**Exercise directions:**
Please output exactly the lines from the one containing "高盛：美元未来一年将上涨至少5%，欧元有望在六个月内跌破美元平价 - 图片2" through the end of the records below, leaving out any pictures.

**Task inputs:**

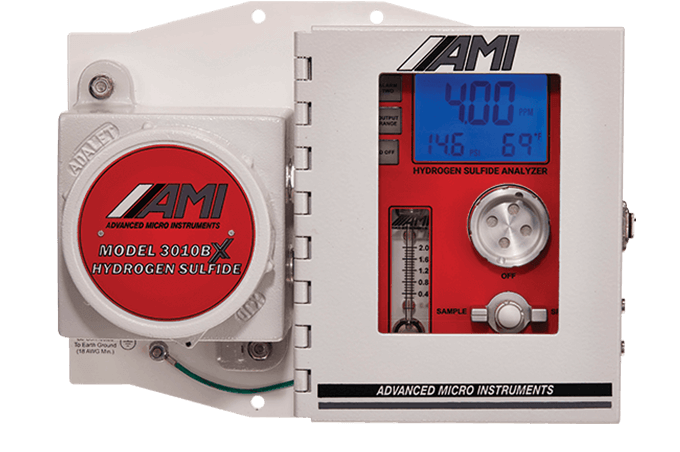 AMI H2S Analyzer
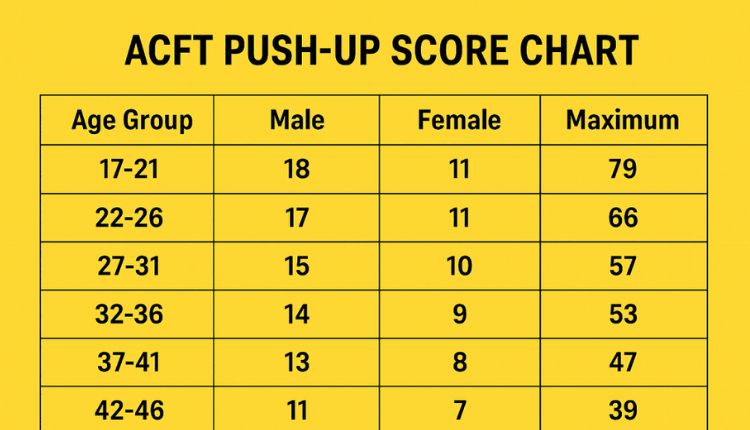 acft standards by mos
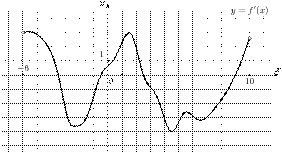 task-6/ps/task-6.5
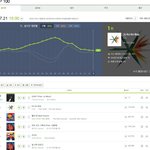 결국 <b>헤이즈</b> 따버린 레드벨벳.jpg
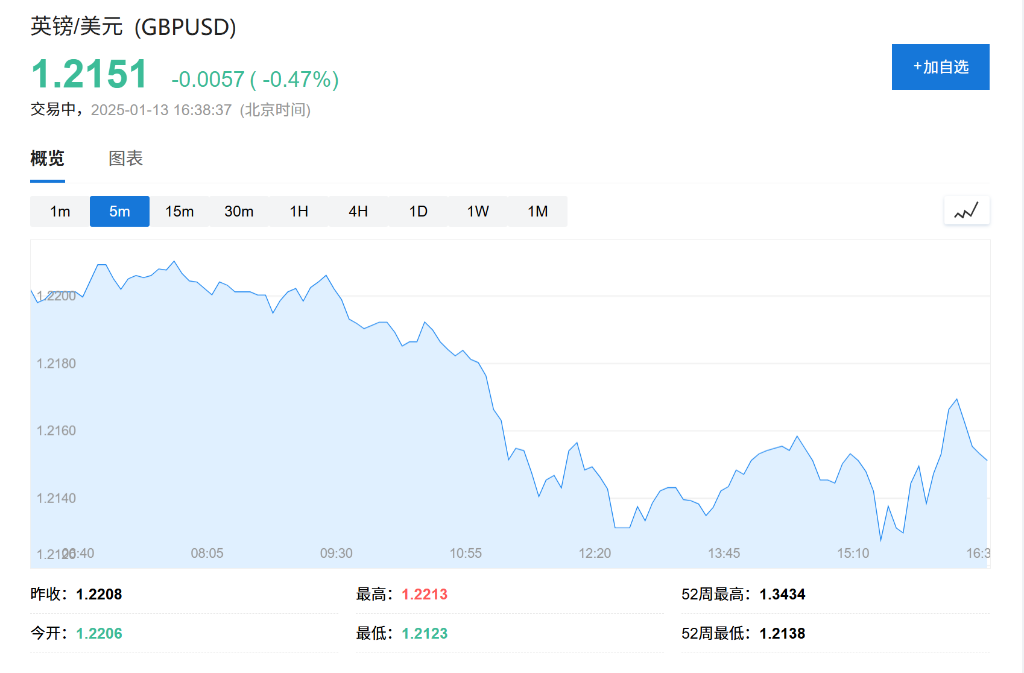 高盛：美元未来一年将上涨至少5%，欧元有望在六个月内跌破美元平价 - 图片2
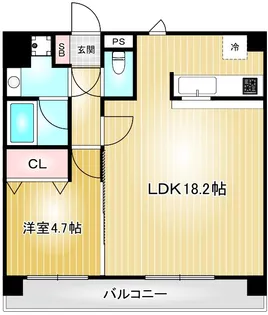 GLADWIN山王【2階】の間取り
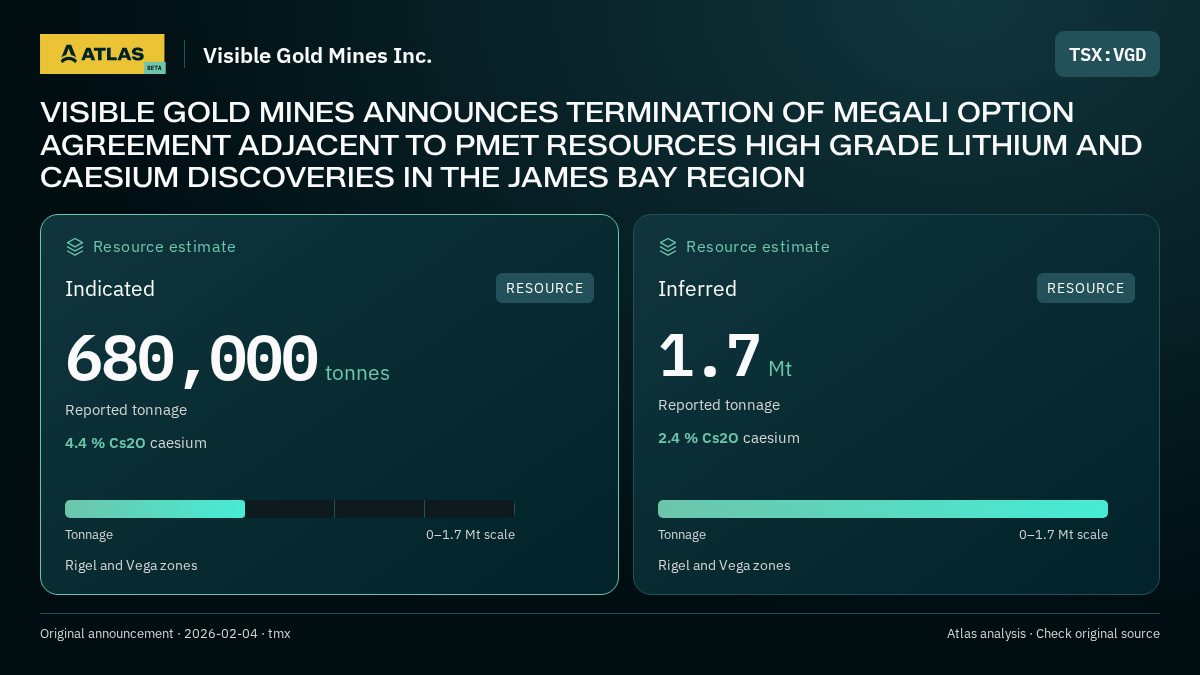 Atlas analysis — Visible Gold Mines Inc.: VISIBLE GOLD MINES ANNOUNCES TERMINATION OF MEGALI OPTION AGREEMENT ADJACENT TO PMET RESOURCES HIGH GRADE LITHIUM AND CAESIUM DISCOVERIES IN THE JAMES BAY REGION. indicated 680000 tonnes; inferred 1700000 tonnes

**Result for this task:**
 高盛：美元未来一年将上涨至少5%，欧元有望在六个月内跌破美元平价 - 图片2
 GLADWIN山王【2階】の間取り
 Atlas analysis — Visible Gold Mines Inc.: VISIBLE GOLD MINES ANNOUNCES TERMINATION OF MEGALI OPTION AGREEMENT ADJACENT TO PMET RESOURCES HIGH GRADE LITHIUM AND CAESIUM DISCOVERIES IN THE JAMES BAY REGION. indicated 680000 tonnes; inferred 1700000 tonnes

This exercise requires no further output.